Se è vero che tutte le società umane hanno
conosciuto il fenomeno della dissidenza e del conflitto di opinioni, è
altrettanto vero che solo nel ventesimo secolo il pluralismo di religioni,
ideologie e tradizioni culturali ha trovato un riconoscimento politico forte in
alcune costituzioni, vista anche l'impossibilità di fondare una morale comune a
tutti su basi trascendenti o puramente razionali. In tutte le società
democratiche, e a maggior ragione in quelle multirazziali, vi è una pluralità
di comunità morali sorrette da regole diverse e spesso in opposizione tra loro.

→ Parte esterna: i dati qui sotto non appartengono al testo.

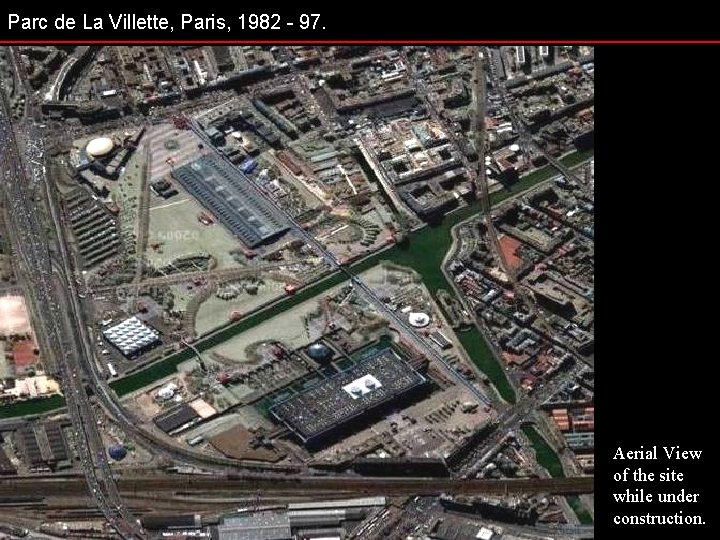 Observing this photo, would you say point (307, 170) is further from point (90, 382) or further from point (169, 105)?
point (90, 382)

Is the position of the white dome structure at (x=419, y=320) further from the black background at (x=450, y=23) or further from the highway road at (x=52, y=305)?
the black background at (x=450, y=23)

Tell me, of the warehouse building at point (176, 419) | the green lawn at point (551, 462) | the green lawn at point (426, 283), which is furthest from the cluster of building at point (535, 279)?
the warehouse building at point (176, 419)

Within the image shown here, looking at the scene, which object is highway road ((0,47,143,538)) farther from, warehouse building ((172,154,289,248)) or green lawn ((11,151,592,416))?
warehouse building ((172,154,289,248))

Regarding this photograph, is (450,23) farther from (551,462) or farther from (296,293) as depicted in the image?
(296,293)

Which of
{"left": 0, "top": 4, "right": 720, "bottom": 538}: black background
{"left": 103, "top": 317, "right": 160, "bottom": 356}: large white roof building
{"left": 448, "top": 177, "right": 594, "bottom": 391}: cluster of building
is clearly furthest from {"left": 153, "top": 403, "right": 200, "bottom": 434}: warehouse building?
{"left": 0, "top": 4, "right": 720, "bottom": 538}: black background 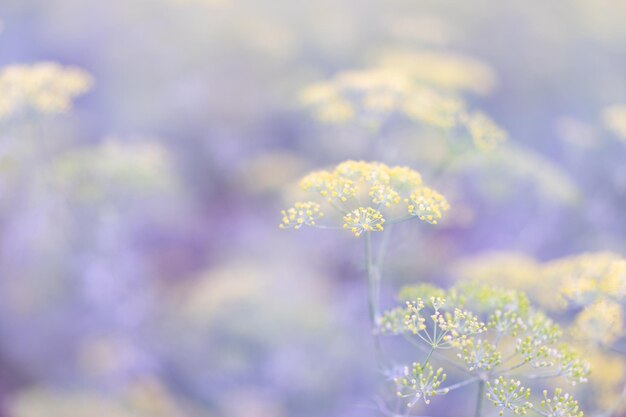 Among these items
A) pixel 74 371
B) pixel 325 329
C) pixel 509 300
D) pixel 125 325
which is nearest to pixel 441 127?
pixel 509 300

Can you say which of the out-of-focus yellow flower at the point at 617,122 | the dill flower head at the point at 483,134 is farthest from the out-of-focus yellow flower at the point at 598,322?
the out-of-focus yellow flower at the point at 617,122

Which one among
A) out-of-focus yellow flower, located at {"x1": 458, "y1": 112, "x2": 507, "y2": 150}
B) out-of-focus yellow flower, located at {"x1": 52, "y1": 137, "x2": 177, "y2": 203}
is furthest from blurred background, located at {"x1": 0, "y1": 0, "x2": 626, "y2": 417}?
out-of-focus yellow flower, located at {"x1": 458, "y1": 112, "x2": 507, "y2": 150}

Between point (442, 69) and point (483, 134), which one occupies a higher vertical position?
point (442, 69)

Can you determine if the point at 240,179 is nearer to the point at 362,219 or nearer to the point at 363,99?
the point at 363,99

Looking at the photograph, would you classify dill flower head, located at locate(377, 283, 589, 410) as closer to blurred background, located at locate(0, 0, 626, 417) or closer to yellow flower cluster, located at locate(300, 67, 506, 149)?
yellow flower cluster, located at locate(300, 67, 506, 149)

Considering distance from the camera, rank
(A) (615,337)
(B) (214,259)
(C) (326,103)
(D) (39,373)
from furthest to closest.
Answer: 1. (B) (214,259)
2. (D) (39,373)
3. (C) (326,103)
4. (A) (615,337)

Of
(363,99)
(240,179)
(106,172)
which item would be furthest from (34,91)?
(240,179)

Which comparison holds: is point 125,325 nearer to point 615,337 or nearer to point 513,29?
point 615,337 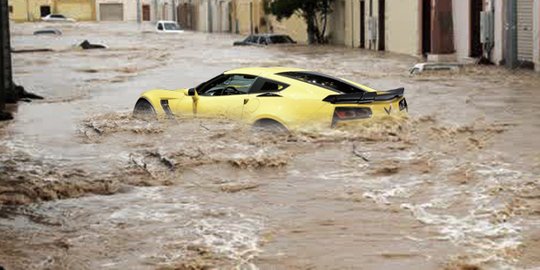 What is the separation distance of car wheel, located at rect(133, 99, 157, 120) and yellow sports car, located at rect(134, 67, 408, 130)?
2.11 feet

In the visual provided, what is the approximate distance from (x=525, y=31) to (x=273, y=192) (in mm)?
19148

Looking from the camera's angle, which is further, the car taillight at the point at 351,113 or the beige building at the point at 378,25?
the beige building at the point at 378,25

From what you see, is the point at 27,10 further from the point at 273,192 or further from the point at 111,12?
the point at 273,192

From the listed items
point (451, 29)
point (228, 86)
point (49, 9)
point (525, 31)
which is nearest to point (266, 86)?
point (228, 86)

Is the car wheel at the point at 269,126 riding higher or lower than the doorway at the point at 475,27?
lower

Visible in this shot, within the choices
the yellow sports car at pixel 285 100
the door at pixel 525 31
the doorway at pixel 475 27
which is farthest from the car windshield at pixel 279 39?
the yellow sports car at pixel 285 100

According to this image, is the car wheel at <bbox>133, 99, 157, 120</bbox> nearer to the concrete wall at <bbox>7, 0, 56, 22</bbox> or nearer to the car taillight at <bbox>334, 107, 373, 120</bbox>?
the car taillight at <bbox>334, 107, 373, 120</bbox>

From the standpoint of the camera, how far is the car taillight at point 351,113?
13672mm

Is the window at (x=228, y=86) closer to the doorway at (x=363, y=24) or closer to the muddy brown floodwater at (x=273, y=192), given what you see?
the muddy brown floodwater at (x=273, y=192)

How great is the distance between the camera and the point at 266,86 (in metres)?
14.4

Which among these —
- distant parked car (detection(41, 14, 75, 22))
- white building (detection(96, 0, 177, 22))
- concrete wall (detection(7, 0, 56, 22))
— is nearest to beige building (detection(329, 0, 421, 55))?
distant parked car (detection(41, 14, 75, 22))

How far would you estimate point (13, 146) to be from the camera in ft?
50.5

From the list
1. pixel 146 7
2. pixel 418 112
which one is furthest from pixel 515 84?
pixel 146 7

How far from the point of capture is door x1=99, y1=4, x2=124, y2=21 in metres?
108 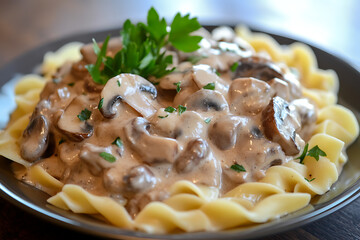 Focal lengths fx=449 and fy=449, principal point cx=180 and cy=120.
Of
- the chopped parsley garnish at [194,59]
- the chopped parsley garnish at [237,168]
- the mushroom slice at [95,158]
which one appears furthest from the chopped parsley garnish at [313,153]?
the mushroom slice at [95,158]

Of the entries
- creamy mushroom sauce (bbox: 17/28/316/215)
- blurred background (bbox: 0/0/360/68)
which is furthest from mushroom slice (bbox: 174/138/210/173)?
blurred background (bbox: 0/0/360/68)

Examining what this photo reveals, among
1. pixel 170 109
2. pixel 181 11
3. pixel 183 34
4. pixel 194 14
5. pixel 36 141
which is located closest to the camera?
pixel 170 109

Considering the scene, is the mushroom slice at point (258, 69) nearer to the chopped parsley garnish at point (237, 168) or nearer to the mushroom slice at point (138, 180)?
the chopped parsley garnish at point (237, 168)

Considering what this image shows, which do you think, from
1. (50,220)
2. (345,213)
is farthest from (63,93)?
(345,213)

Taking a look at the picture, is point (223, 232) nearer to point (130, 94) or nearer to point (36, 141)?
point (130, 94)

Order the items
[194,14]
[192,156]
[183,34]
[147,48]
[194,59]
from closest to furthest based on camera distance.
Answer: [192,156]
[147,48]
[183,34]
[194,59]
[194,14]

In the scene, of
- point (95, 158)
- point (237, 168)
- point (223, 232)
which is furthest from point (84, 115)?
point (223, 232) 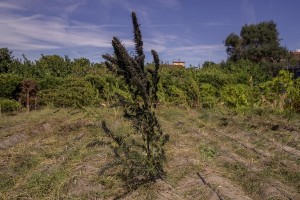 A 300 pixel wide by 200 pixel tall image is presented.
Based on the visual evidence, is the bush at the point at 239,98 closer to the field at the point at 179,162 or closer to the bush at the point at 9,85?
the field at the point at 179,162

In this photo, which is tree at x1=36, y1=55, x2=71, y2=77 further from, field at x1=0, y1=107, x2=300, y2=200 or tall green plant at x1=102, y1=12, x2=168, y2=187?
tall green plant at x1=102, y1=12, x2=168, y2=187

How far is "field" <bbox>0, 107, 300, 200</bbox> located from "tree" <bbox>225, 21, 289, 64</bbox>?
24.4 meters

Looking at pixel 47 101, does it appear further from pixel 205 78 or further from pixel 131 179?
pixel 131 179

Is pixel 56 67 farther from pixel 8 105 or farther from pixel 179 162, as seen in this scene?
pixel 179 162

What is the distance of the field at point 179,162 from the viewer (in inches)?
128

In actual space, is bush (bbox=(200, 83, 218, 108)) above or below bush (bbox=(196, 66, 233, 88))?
below

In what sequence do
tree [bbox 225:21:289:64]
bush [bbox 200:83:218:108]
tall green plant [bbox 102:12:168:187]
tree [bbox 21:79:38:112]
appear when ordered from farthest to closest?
tree [bbox 225:21:289:64] < tree [bbox 21:79:38:112] < bush [bbox 200:83:218:108] < tall green plant [bbox 102:12:168:187]

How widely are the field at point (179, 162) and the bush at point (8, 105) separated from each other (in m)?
3.86

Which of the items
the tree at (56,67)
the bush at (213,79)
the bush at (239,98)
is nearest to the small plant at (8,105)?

In una società laica politeista fare del bene a un
altro diventa una faccenda complicata e pericolosa, nel senso che l'atto
benefico per chi lo fa può essere contestato o rigettato da chi lo riceve. Da
qui la necessità, riconosciuta da tutti - anche se con forza e convinzione
diverse - di far valere il principio di autonomia, il cui primo corollario è la
richiesta del consenso informato al soggetto della terapia. Il diritto
all'informazione e il rispetto della libertà del soggetto diventano tanto più
urgenti alla luce delle violazioni dei diritti fondamentali dell'uomo di cui in
alcuni casi si è macchiata la ricerca clinica.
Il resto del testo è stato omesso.